## RECORDED DATA:

[Start of Attachment]

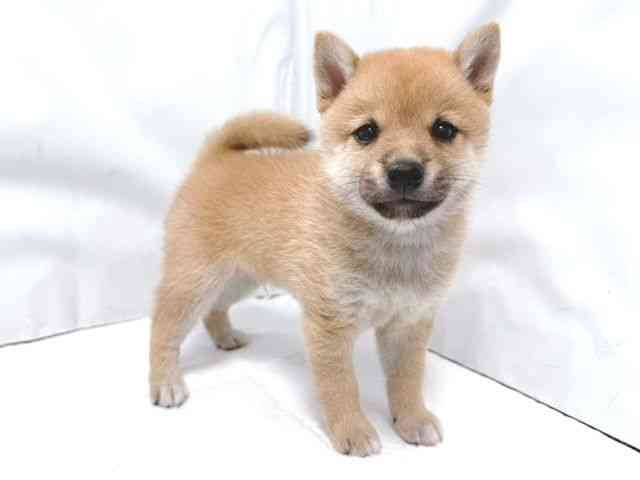 大阪府の柴犬(標準サイズ) (ひごペットフレンドリー堺プラットプラット店/2025年4月27日生まれ/男の子/赤)の子犬の2枚目の画像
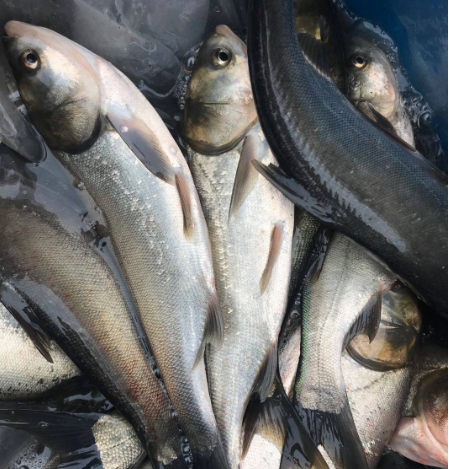 四大家魚的鰱魚，曾風光無限是做臘魚的首選，如今淪為“廉價魚”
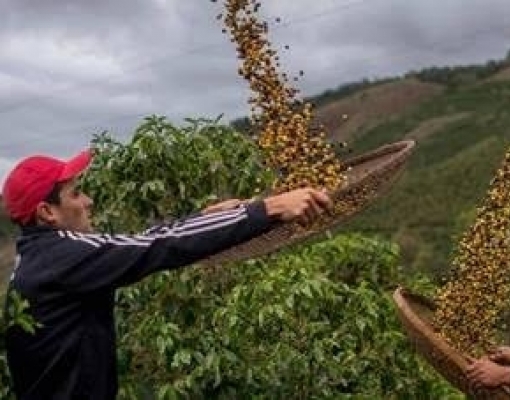 Fazendeiros em plantação de café no ES; país ganharia com eliminação de barreiras, aponta estudo
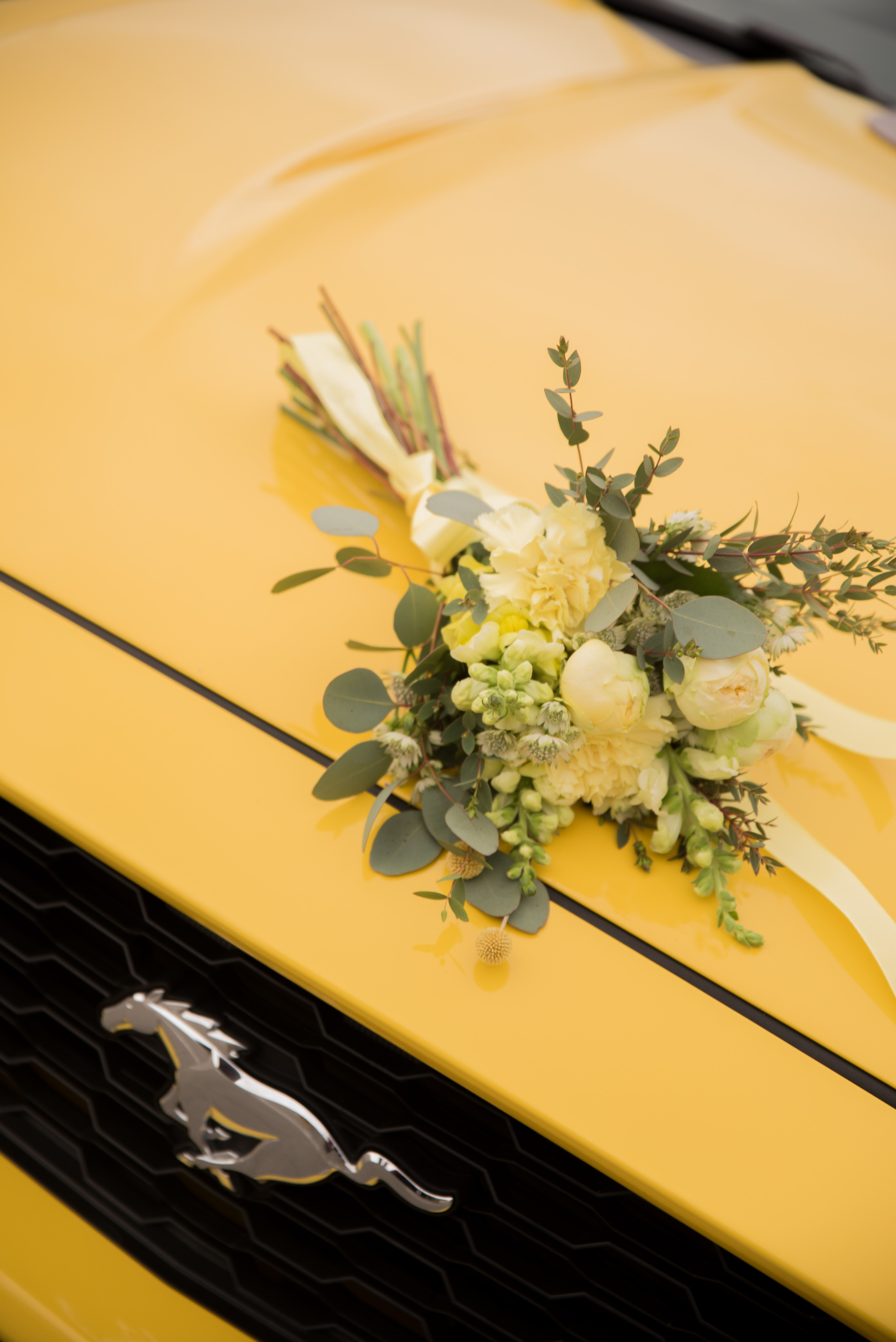 Свадьба для двоих. Свадебный и семейный фотограф в Ставрополе Евгения Кузьмичева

[End of Attachment]

Starting with the opening line of the listing, write out each line exactly until the line that contains "Fazendeiros em plantação" has been included; skip the pictures.

 大阪府の柴犬(標準サイズ) (ひごペットフレンドリー堺プラットプラット店/2025年4月27日生まれ/男の子/赤)の子犬の2枚目の画像
 四大家魚的鰱魚，曾風光無限是做臘魚的首選，如今淪為“廉價魚”
 Fazendeiros em plantação de café no ES; país ganharia com eliminação de barreiras, aponta estudo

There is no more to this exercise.